Okulun bando takım eşliğinde 23 Nisan kutlamalarını yapar, heyecanımızı kat be kat artırarak güzel günleri geride bırakarak bayram kutlaması yapardık.
Dün ise Türkiye eve kapandı. Sokağa çıkma yasağı vardı ülkede. Korana nedeniyle insanları zorunlu olarak evlerine hapsettiler! 23 Nisan Bayramını da ne çocuklarımız, ne de bizler heyecanla kutlayabildik. Sayılı günler çabuk geçer diyorlar ama bu korona virüsü illetinden kurtulmamız biraz uzun sürecek gibi.

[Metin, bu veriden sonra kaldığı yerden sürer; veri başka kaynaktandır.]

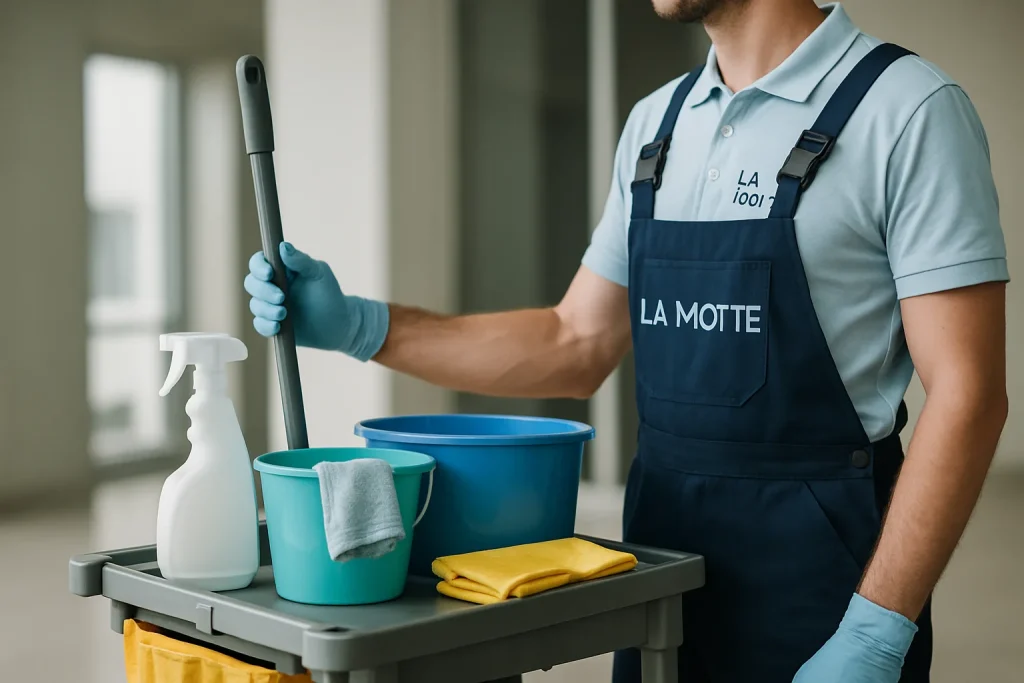 Espace de bureau propre et lumineux à La Motte, illustrant un service de nettoyage.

Dün 23 Nisan Bayram günü müydü? Yoksa sıradan bir gün müydü? İnanın sıradan bir gündü. Hiç heyecan duyulmadan, insanların evine kapanarak dışarı çıkmadığı ortamda sadece sosyal medya üzerinden bayram kutlaması yapıldı. Mesaj yoluyla da kutlamalar pekiştirildi.
Ramazan ayında olmamız nedeniyle de 23 Nisan’ın eve kapanılması ikinci bir buruk bayram kutlamasına neden oldu.
Cumhuriyetimizin kurucusu Ulu Önder Gazi Mustafa Kemal Atatürk’ü ve aziz şehitleri bu vatanın kurtarılmasında gösterdikleri gayretler nedeniyle ve bizlere bu Cumhuriyeti armağan etmeleri sebebiyle bir kez daha hayır duaları ile anıyoruz, mekanları cennet olsun diyoruz.
Ümit ederim ki önümüzdeki süreçte daha güzel 23 Nisan Bayramını kutlarız. Bayramınız kutlu olsun.